● Input data:
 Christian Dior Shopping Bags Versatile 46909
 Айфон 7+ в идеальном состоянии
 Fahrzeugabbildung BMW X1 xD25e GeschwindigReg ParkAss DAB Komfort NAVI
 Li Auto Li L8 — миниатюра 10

* * *

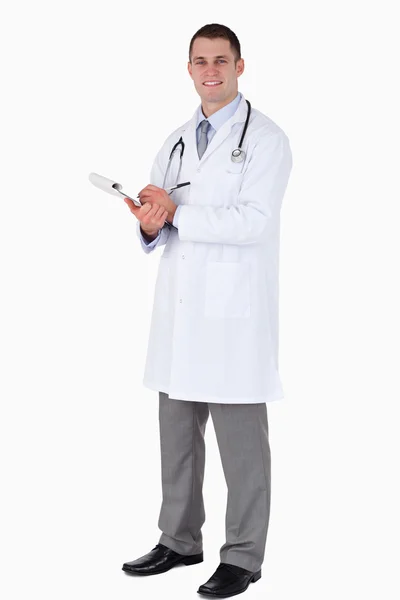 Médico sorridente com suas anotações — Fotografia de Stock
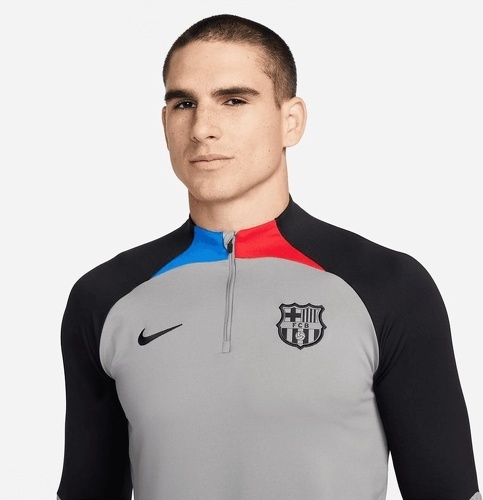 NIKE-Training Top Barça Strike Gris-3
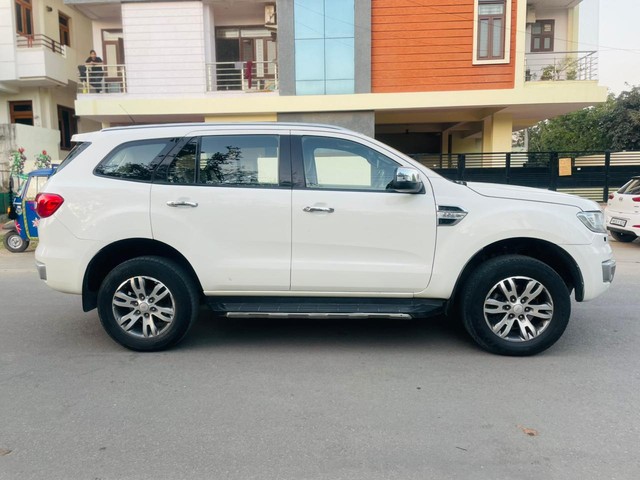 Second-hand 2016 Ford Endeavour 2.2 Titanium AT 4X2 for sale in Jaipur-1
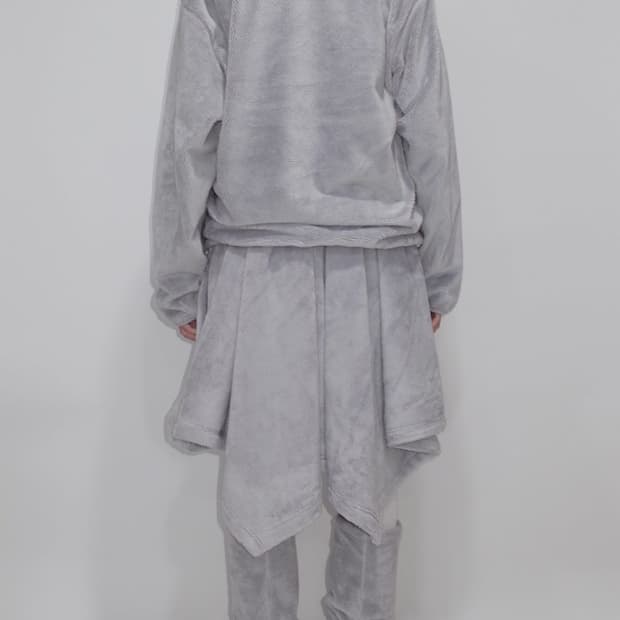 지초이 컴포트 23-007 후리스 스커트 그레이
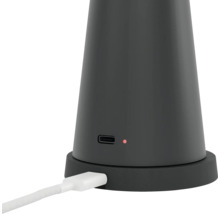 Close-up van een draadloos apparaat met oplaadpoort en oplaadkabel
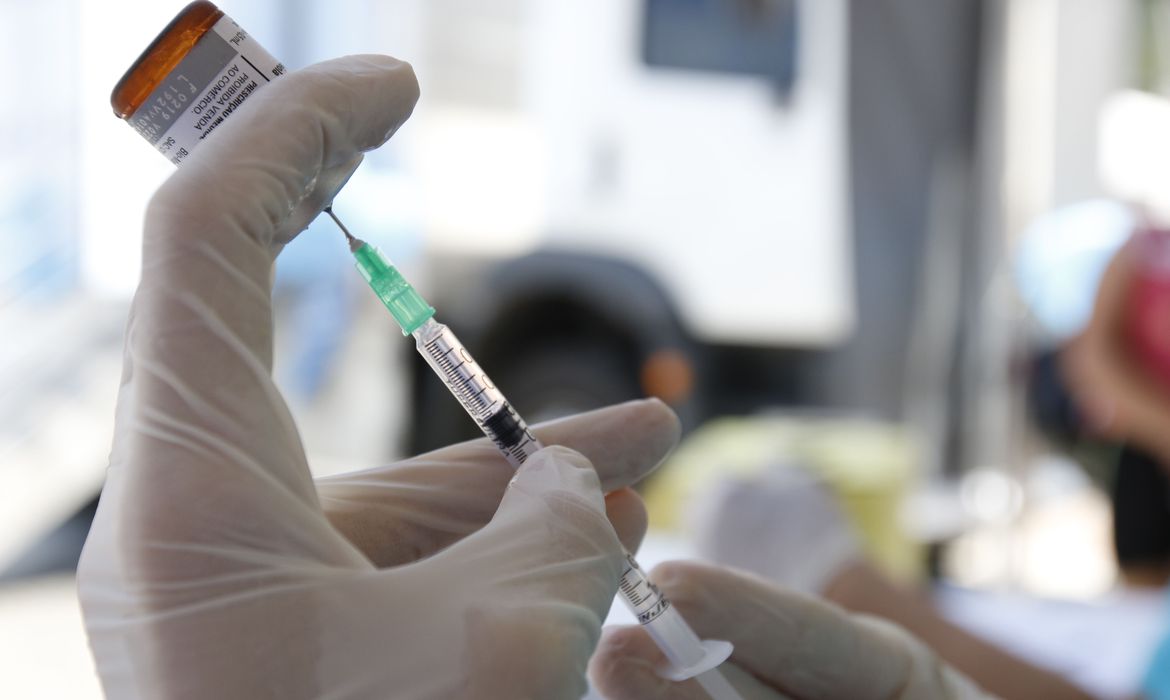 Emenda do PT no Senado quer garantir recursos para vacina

==

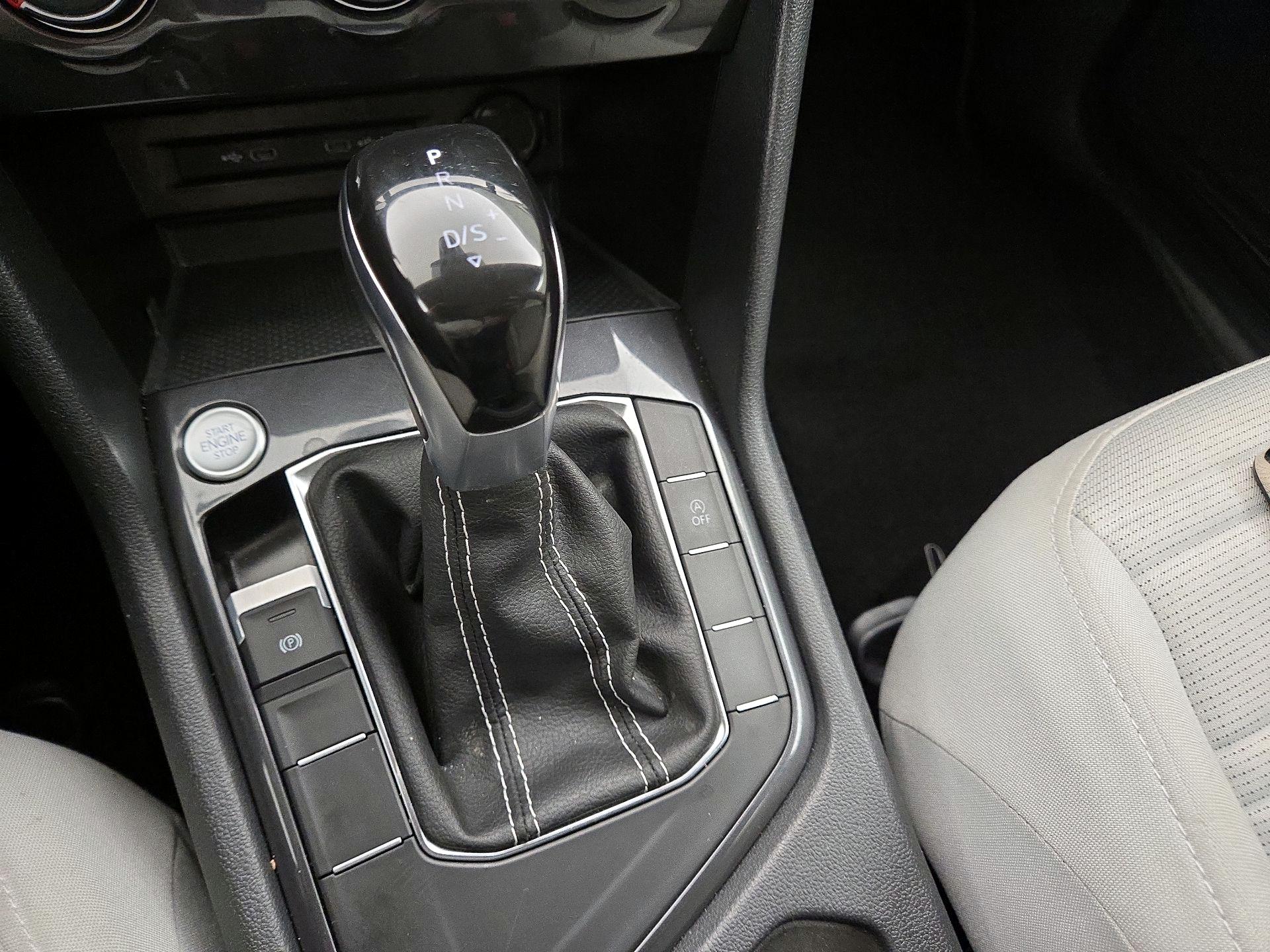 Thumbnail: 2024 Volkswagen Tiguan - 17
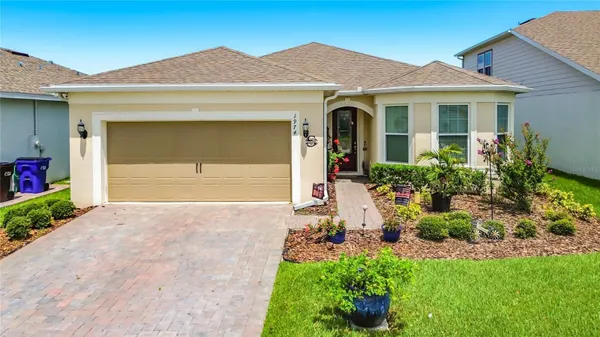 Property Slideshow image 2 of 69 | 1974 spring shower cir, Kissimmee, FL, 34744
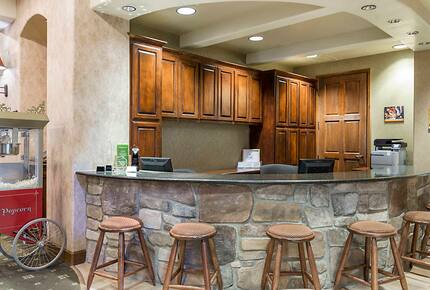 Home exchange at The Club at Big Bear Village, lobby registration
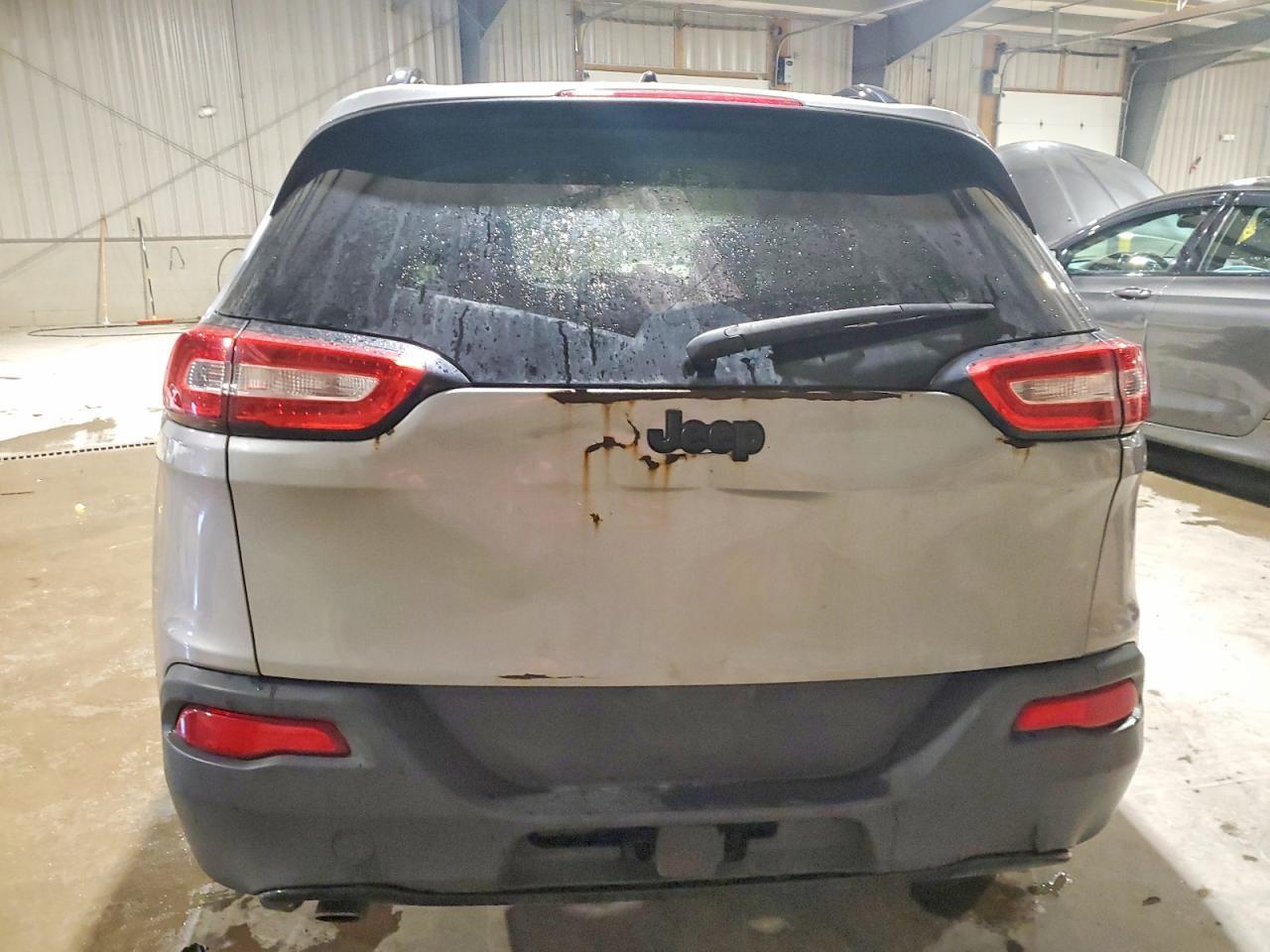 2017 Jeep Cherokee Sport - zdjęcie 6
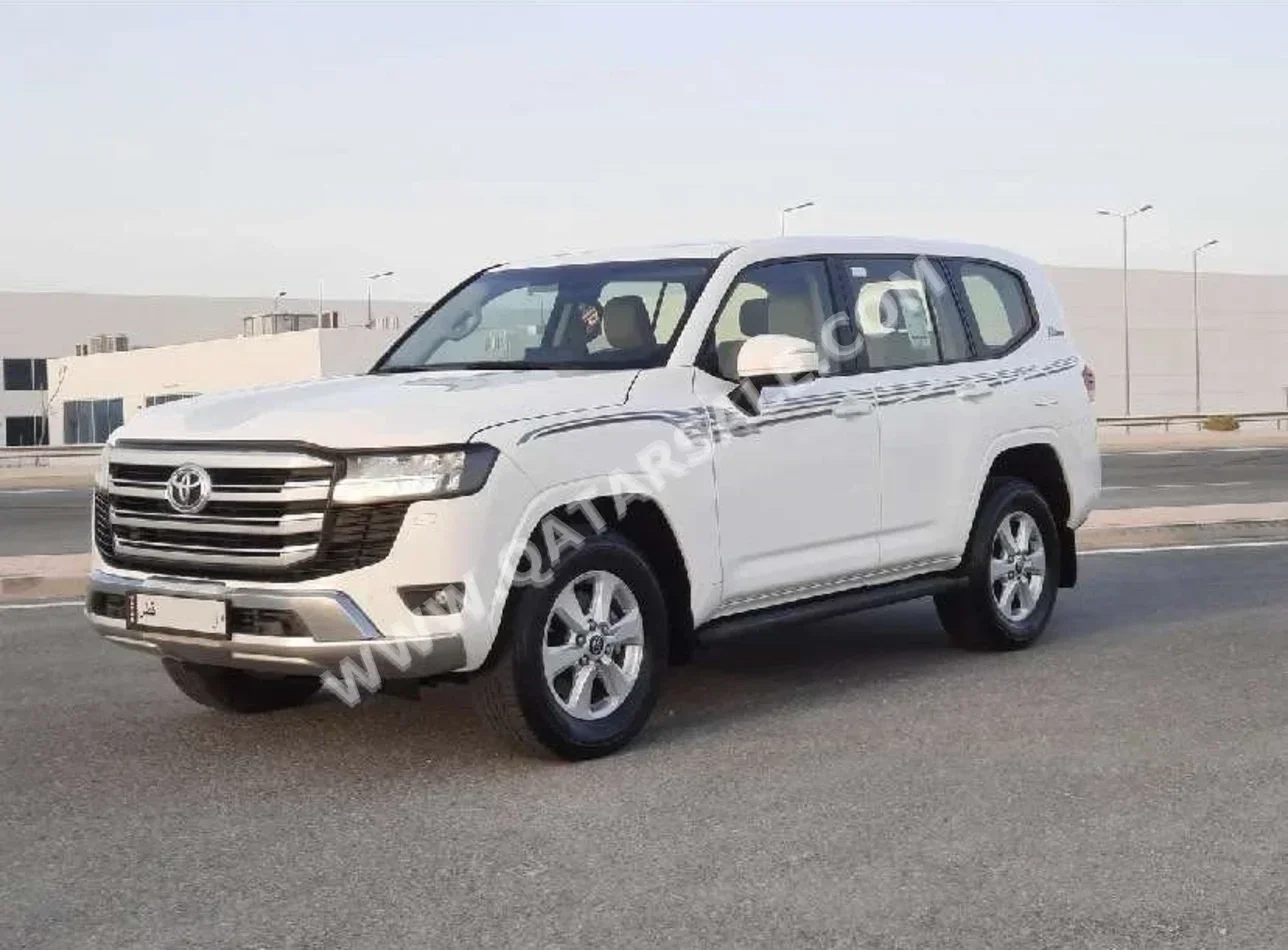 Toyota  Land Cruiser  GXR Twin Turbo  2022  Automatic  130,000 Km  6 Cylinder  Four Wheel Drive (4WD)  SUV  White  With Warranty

● Task description: Of the records above, print only the lines from the one containing "Home exchange at" through the one containing "GXR Twin Turbo", inclusive and unaltered, leaving out pictures.

● Solution:
 Home exchange at The Club at Big Bear Village, lobby registration
 2017 Jeep Cherokee Sport - zdjęcie 6
 Toyota  Land Cruiser  GXR Twin Turbo  2022  Automatic  130,000 Km  6 Cylinder  Four Wheel Drive (4WD)  SUV  White  With Warranty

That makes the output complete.